Segment Start: MATERIAL FOR THE TASK
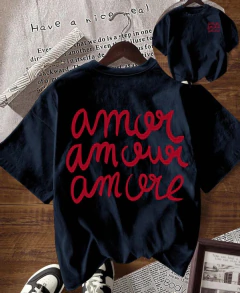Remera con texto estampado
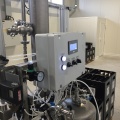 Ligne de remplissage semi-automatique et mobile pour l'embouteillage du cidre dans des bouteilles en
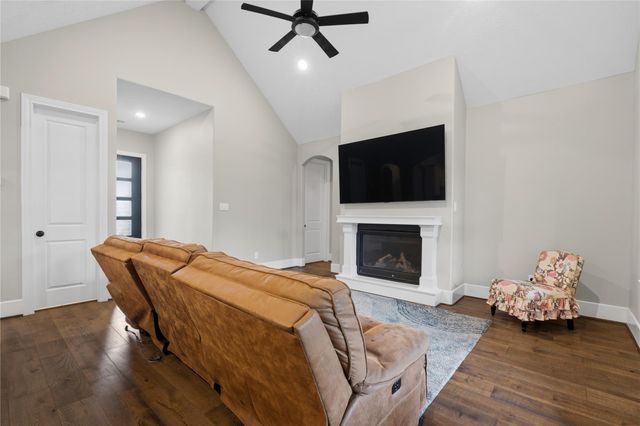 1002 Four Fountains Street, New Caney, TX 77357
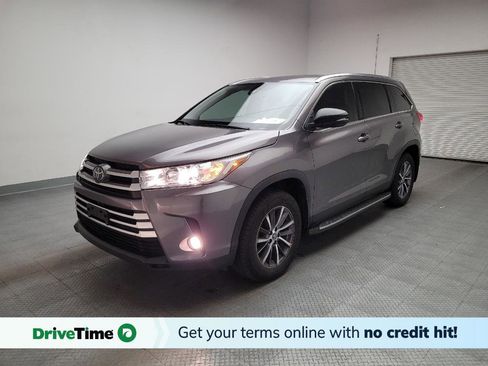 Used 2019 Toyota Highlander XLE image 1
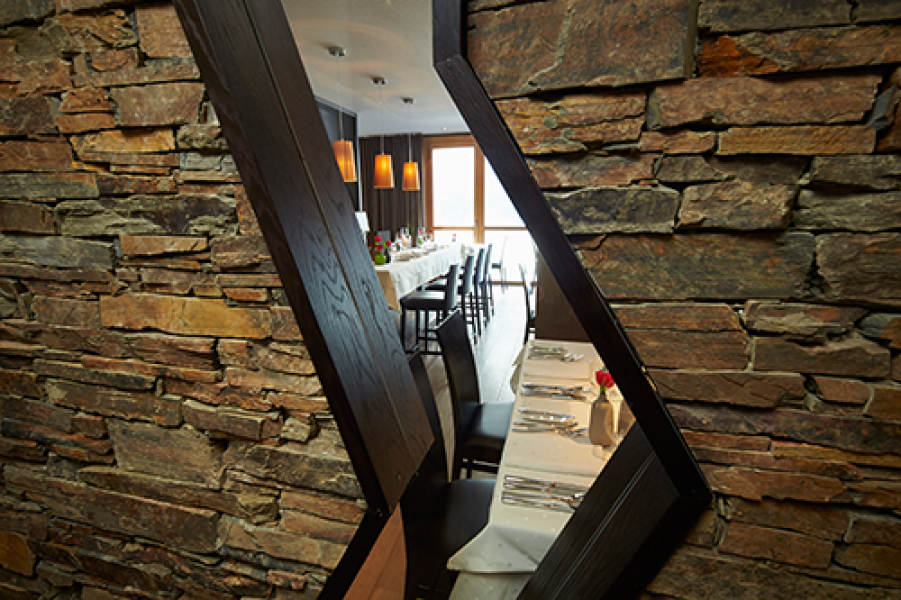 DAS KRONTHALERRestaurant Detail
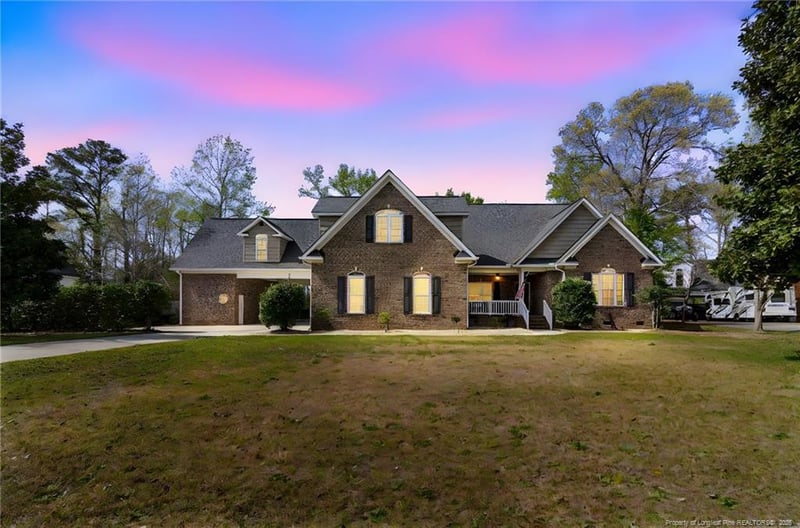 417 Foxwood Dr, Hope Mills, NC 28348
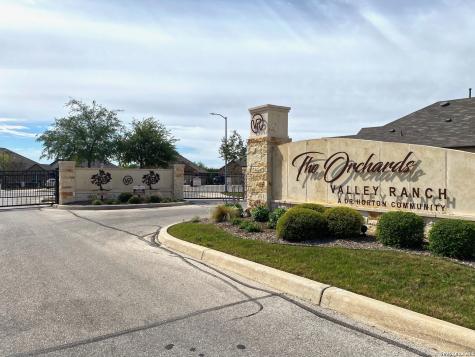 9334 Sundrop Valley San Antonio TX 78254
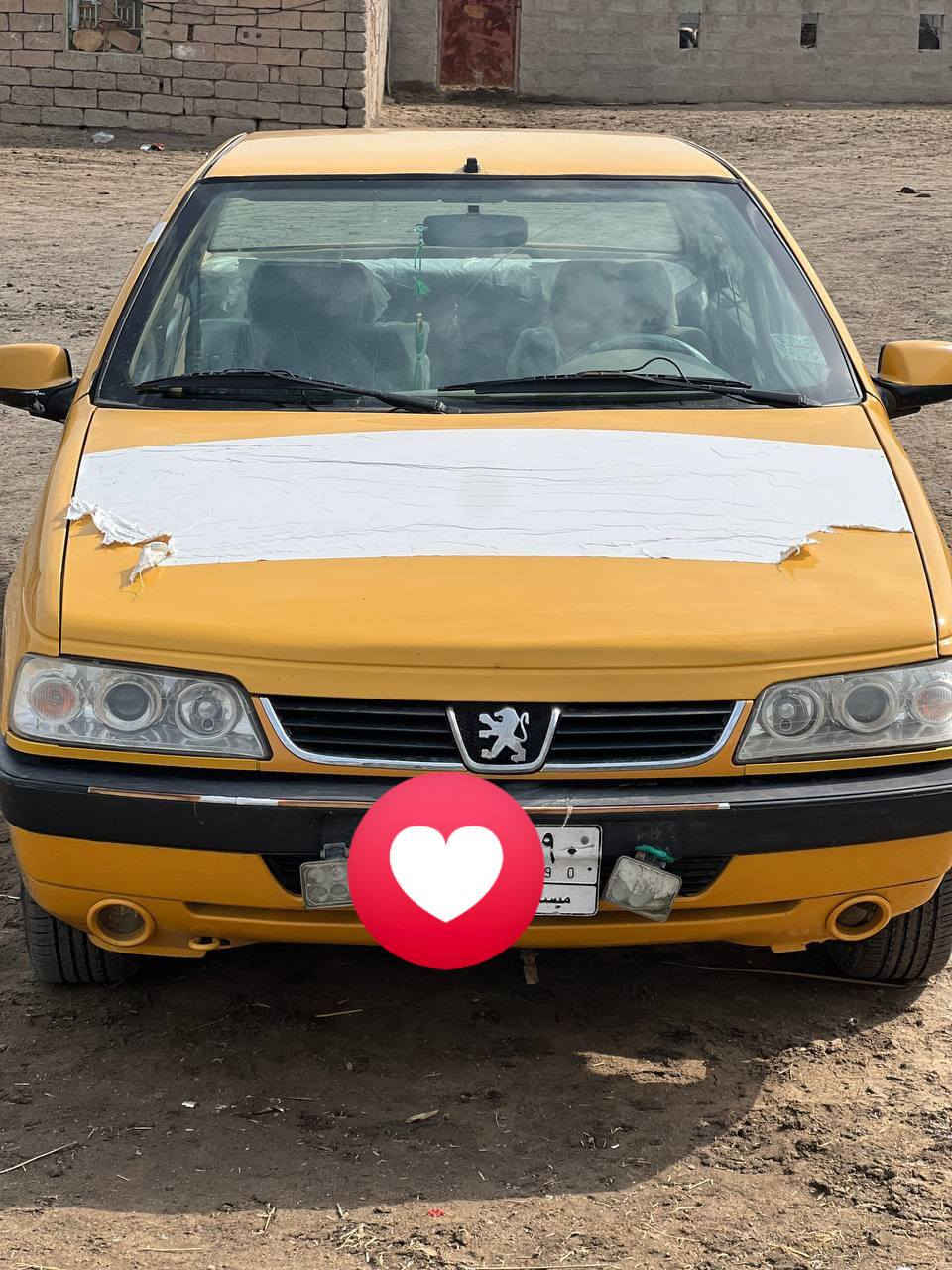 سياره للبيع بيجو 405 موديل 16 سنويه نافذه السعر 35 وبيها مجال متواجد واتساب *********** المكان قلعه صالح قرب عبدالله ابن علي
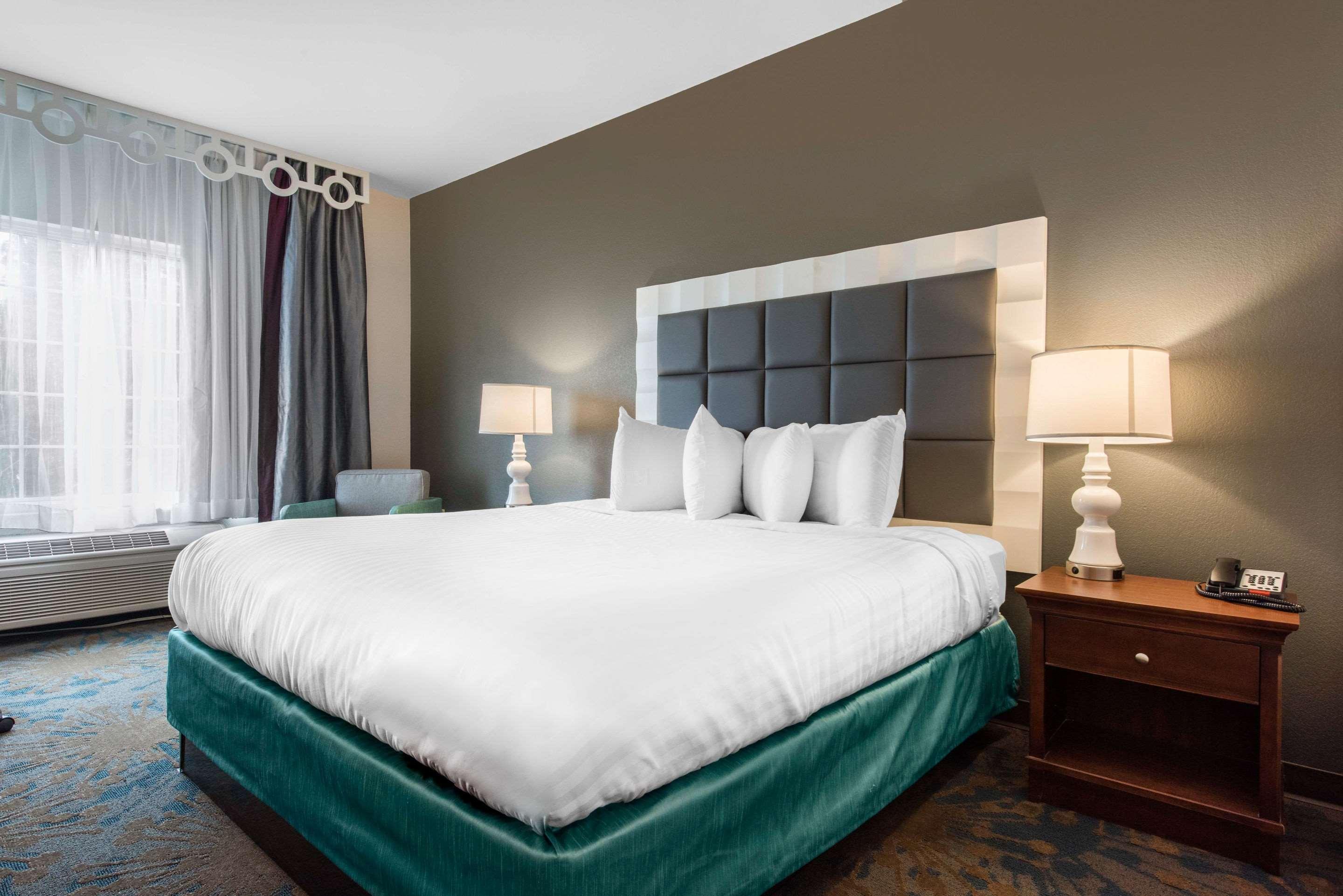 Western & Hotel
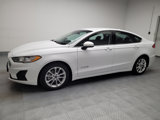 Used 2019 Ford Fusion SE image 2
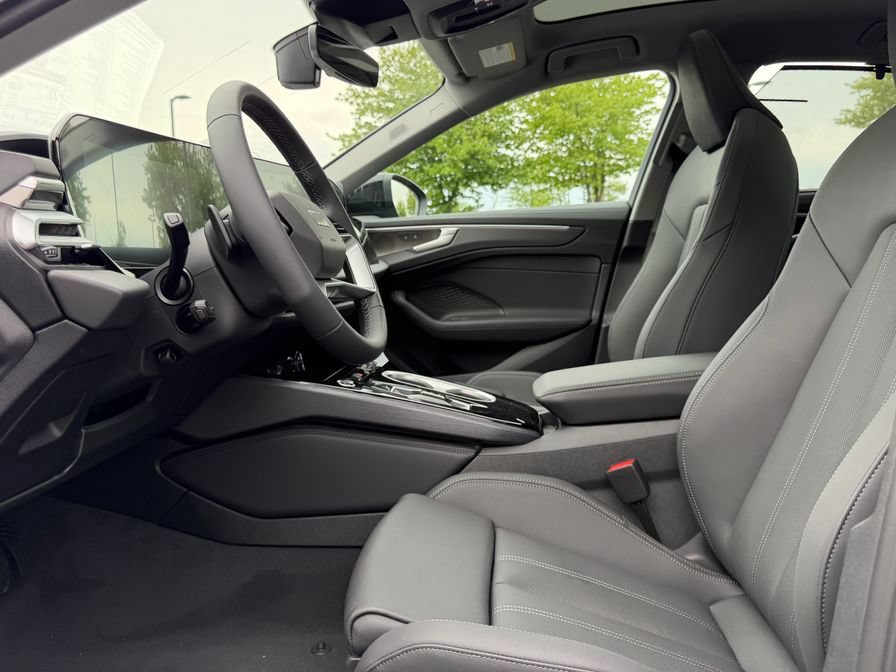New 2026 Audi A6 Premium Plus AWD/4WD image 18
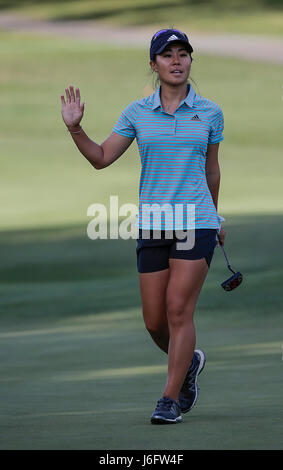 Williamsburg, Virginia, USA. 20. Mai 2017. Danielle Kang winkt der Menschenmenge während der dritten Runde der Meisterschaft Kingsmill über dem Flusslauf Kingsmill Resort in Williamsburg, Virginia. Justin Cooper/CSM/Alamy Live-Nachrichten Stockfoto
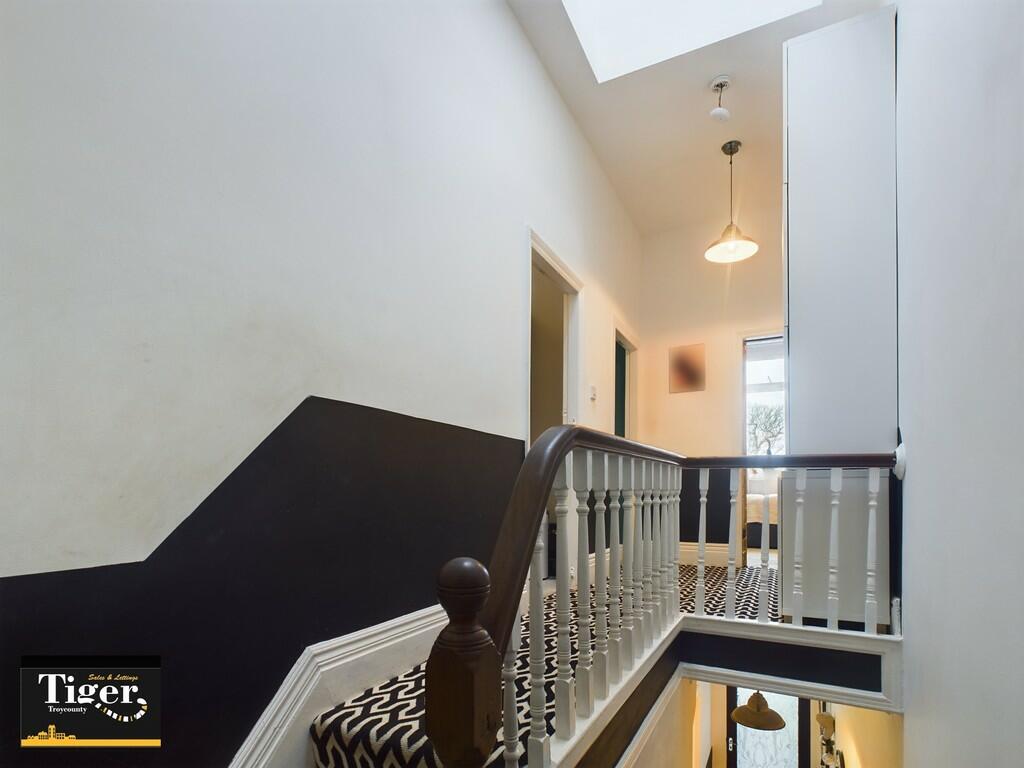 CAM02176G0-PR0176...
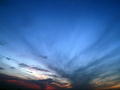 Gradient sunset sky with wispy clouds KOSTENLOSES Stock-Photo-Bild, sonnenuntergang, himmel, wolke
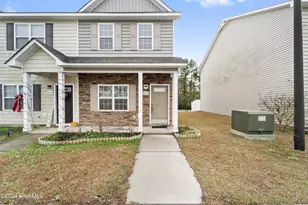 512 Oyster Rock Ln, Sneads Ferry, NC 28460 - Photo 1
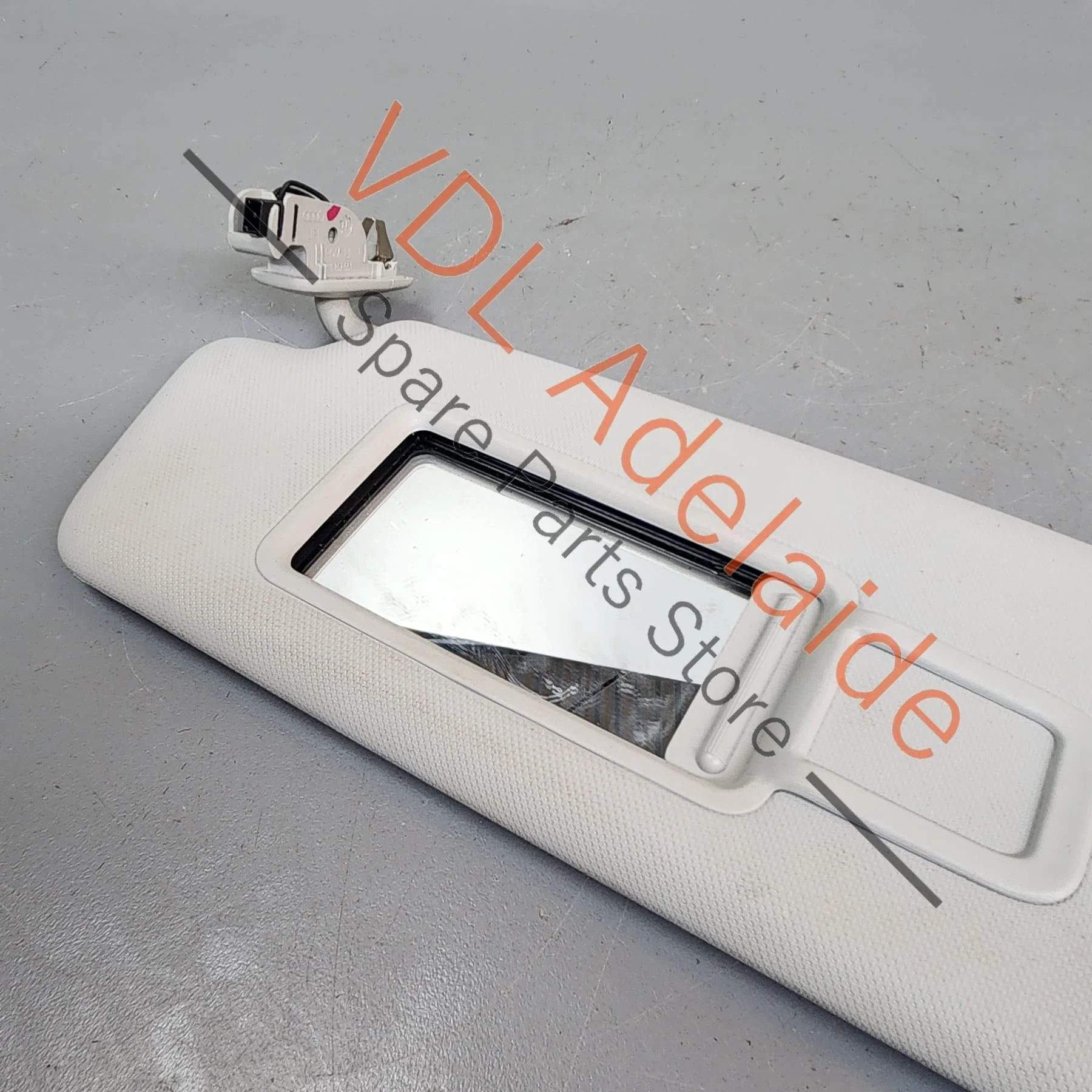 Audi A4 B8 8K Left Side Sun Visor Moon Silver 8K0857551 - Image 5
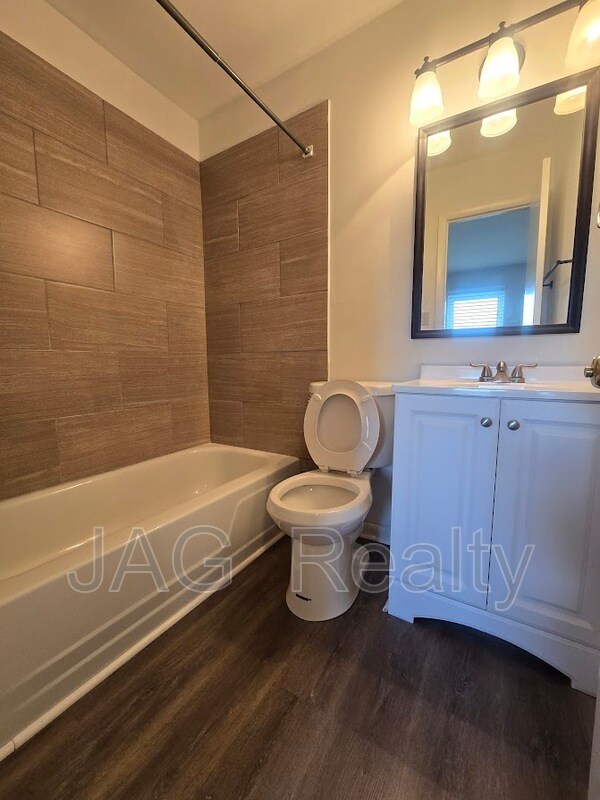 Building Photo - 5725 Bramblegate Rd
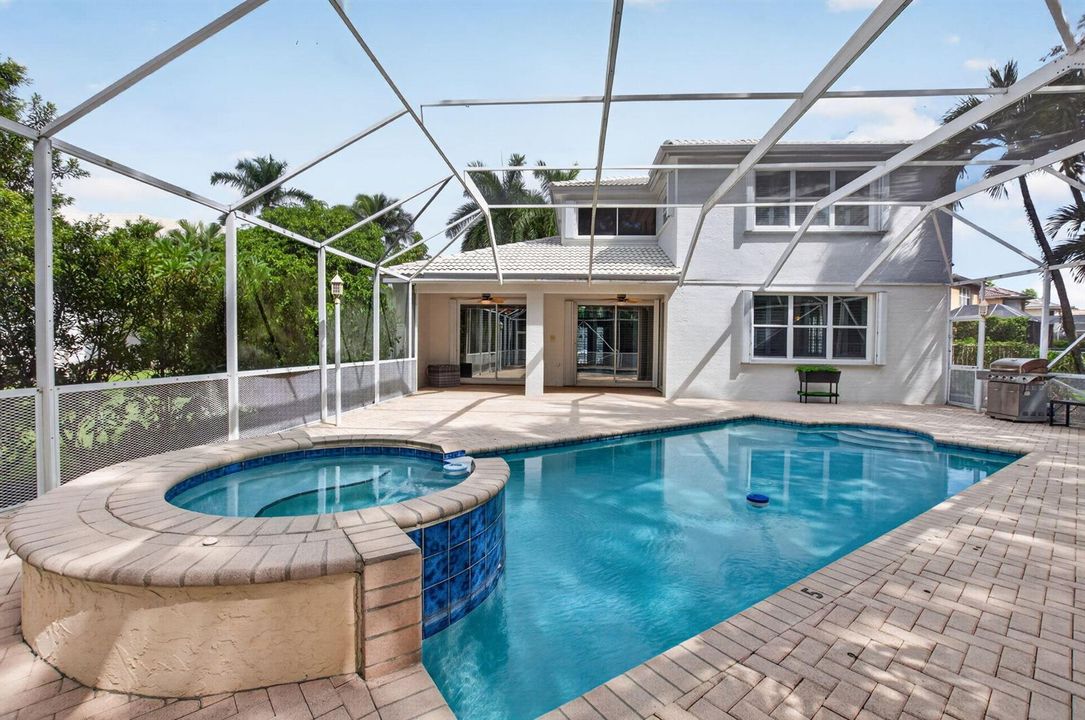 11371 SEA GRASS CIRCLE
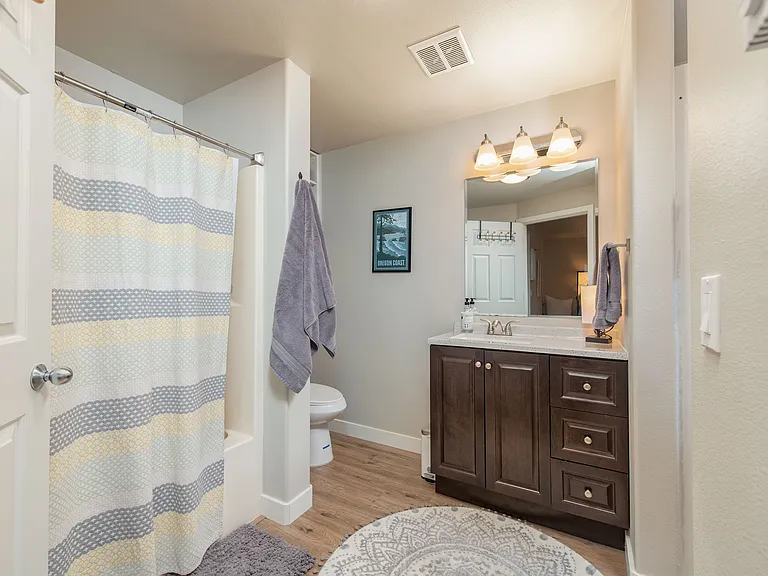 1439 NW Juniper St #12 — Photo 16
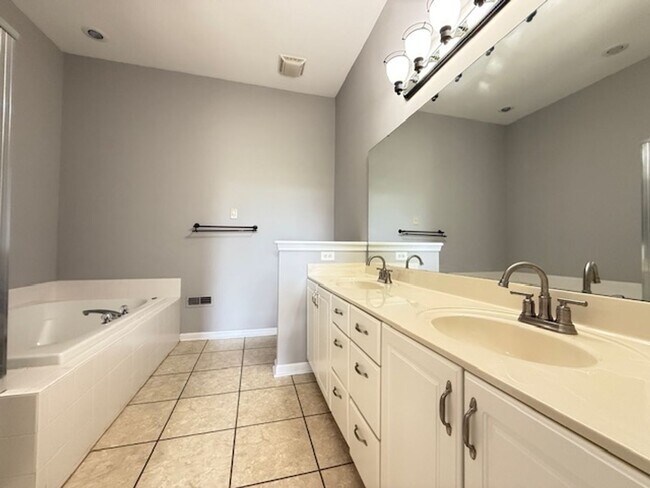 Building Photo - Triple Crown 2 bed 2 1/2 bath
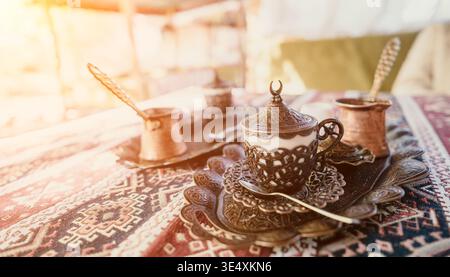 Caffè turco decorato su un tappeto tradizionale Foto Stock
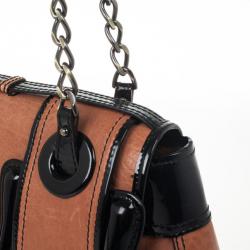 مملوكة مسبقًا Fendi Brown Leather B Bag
Segment End: MATERIAL FOR THE TASK
_YOUR ASSIGNMENT_
In the listing above, find the line with "Williamsburg, Virginia, USA." and the line with "CAM02176G0-PR0176...". Transcribe those two and everything between, exactly, leaving out pictures.

_RESPONSE AREA_
 Williamsburg, Virginia, USA. 20. Mai 2017. Danielle Kang winkt der Menschenmenge während der dritten Runde der Meisterschaft Kingsmill über dem Flusslauf Kingsmill Resort in Williamsburg, Virginia. Justin Cooper/CSM/Alamy Live-Nachrichten Stockfoto
 CAM02176G0-PR0176...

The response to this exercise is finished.